El ser humano, un eterno viajero, ha sido nómada desde su génesis. Se establece temporalmente solo para tomar respiro, antes de lanzarse en busca de nuevos horizontes. Cada viaje está impregnado de una amplia gama de emociones y lo desconocido es parte integral de la motivación. Incluso en la actualidad, en cada exploración, la humanidad pone en riesgo su supervivencia y perpetuidad como especie. Las equivocaciones conllevan el peligro de la extinción.
A lo largo de nuestro proceso evolutivo, los seres humanos hemos desarrollado una gran capacidad para evaluar el nivel de exposición al riesgo en cada aventura, lo cual determina el éxito de nuestra especie. No obstante, cuando esta evaluación falla, el resultado es un fracaso.
En cada travesía, lo primero que planteamos es el destino del viaje, el objetivo que se persigue. Solo al alcanzarlo, podemos afirmar que la jornada ha concluido exitosamente. Esta declaración es de vital importancia, debe ser; clara, medible, alcanzable y verificable. De lo contrario, solo quedará como otra fantasía en el catálogo de novelas. Hoy en día, existen diversas figuras para los nómadas modernos, que van más allá de la concepción original de explorar espacios desconocidos. Estas figuras incluyen la gestión de empresas, familias, investigaciones, organizaciones, sociedades y gobiernos. Cada aventura en el conocimiento, la toma de decisiones o el liderazgo constituye un gran viaje. De hecho, la vida misma es el viaje más grande de todos.
En todas las aventuras, es imperativo definir el destino del viaje. En cada una de estas odiseas, debemos establecer el rumbo, de lo contrario, no sabremos si hemos llegado, si hemos concluido con éxito. Y cuando el viaje se realiza acompañado, la responsabilidad crece, porque el destino se vuelve compartido.
Si el viaje se realiza sin concierto ni orden, se pone en riesgo todo y a todos.
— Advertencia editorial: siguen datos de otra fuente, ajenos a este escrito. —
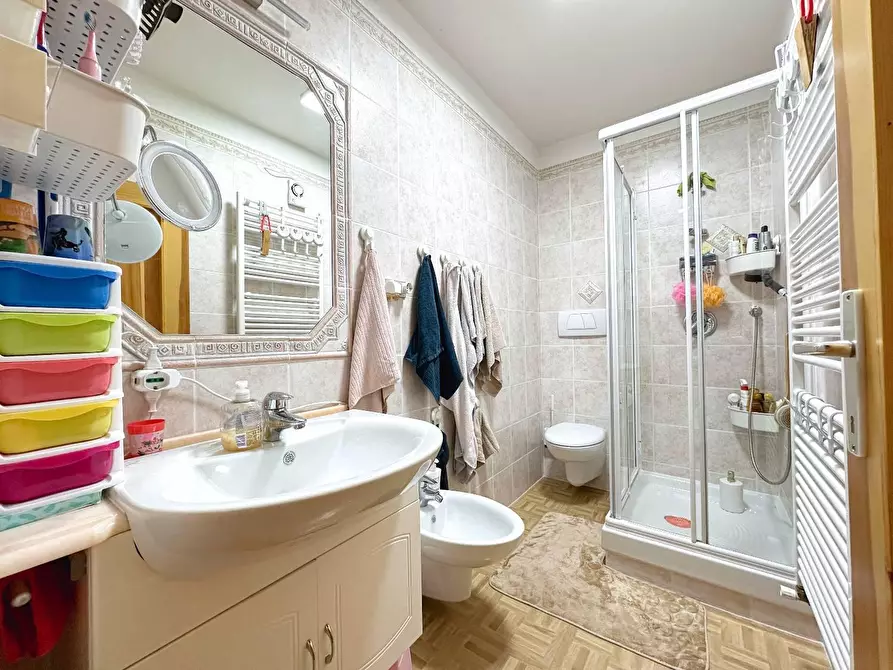 Immagine 14 di Appartamento in vendita  in Untertelfes / Telves di sotto a Racines .Ratschings.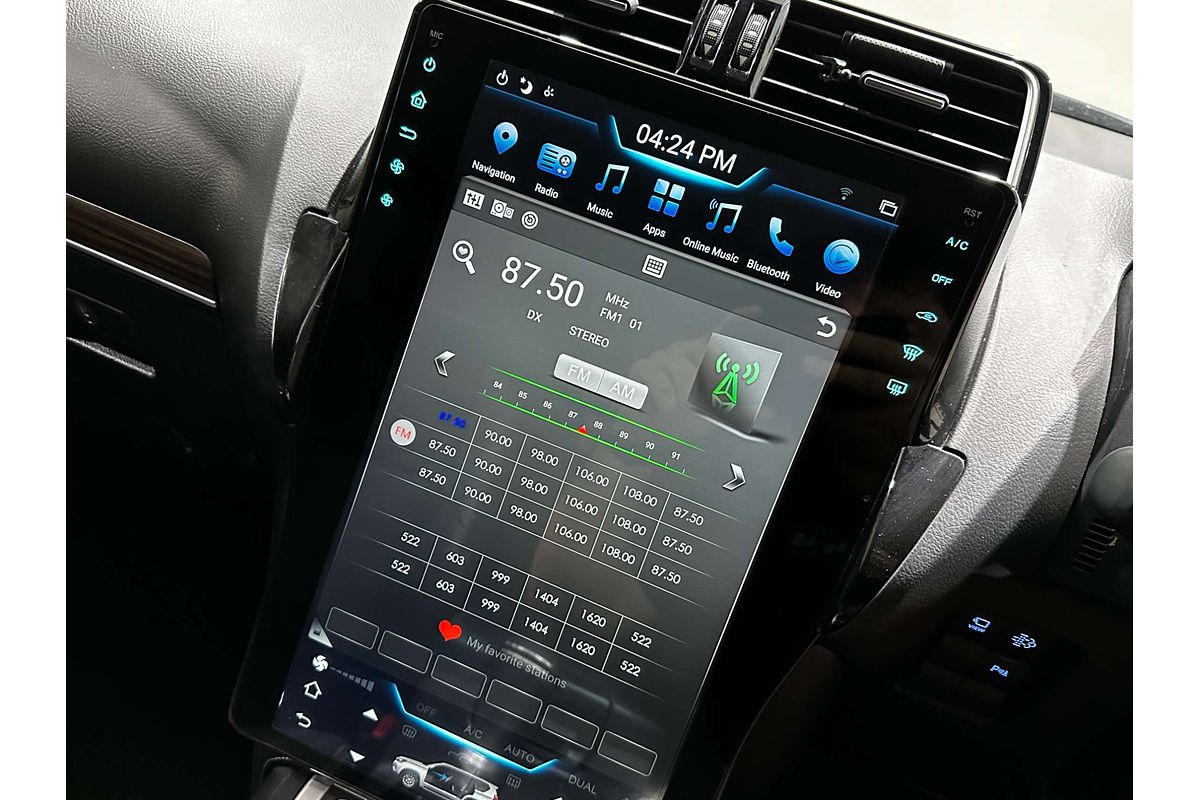 2019 Toyota Landcruiser Prado VX GDJ150R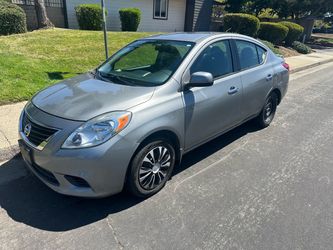 2014 Nissan Versa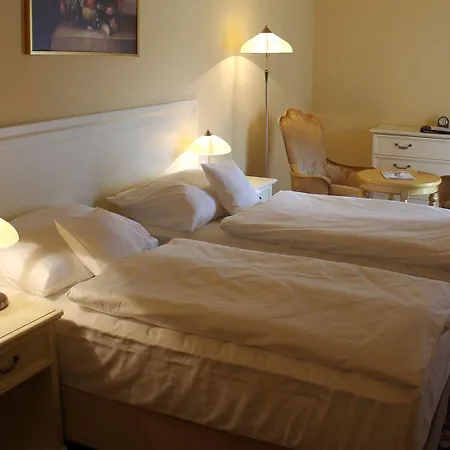 Отель Spa Hotel Vita
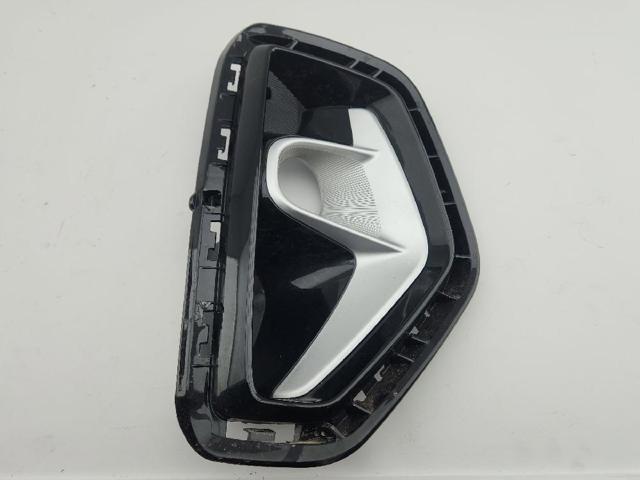 HYUNDAI 86524H8HA0 Заглушка (решетка) противотуманных фар бампера переднего правая в наличии Ирпень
Imaginemos una aventura marítima: un barco sólido, una tripulación variopinta, un capitán carismático y grandes esperanzas. Sin un rumbo definido, será simplemente un paseo que durará hasta que nos adentremos en aguas profundas. Perderemos de vista el faro y deberemos recurrir a nuestros conocimientos e instrumentos para orientarnos. Las olas serán más altas y el vaivén más pronunciado. Aun así, en estas aguas, el barco se mantendrá firme y la tripulación cumplirá con sus asignaciones avanzando sin cesar. Con el tiempo, los vientos fuertes, las nubes oscuras, las corrientes marinas y las olas desafiantes llegarán. El barco empezará a crujir y las cuerdas a chirriar, la tripulación se inquietará y buscará instrucciones precisas. Todos esperan una voz resonante que los oriente y asegure su paso. A medida que la tormenta se intensifica, incluso los más valientes vacilarán y derramarán lágrimas. El liderazgo debe ser firme y confiable, brindando certeza y confianza para resistir y avanzar. Es en estos momentos previos a la calma y la llegada al puerto donde se aprecia la destreza del capitán, la habilidad de los marineros y el conocimiento para ejecutar las órdenes adecuadas. Si se cumplen estos requisitos, se saldrá indemne de la tormenta; de lo contrario, la angustia se apoderará de todos.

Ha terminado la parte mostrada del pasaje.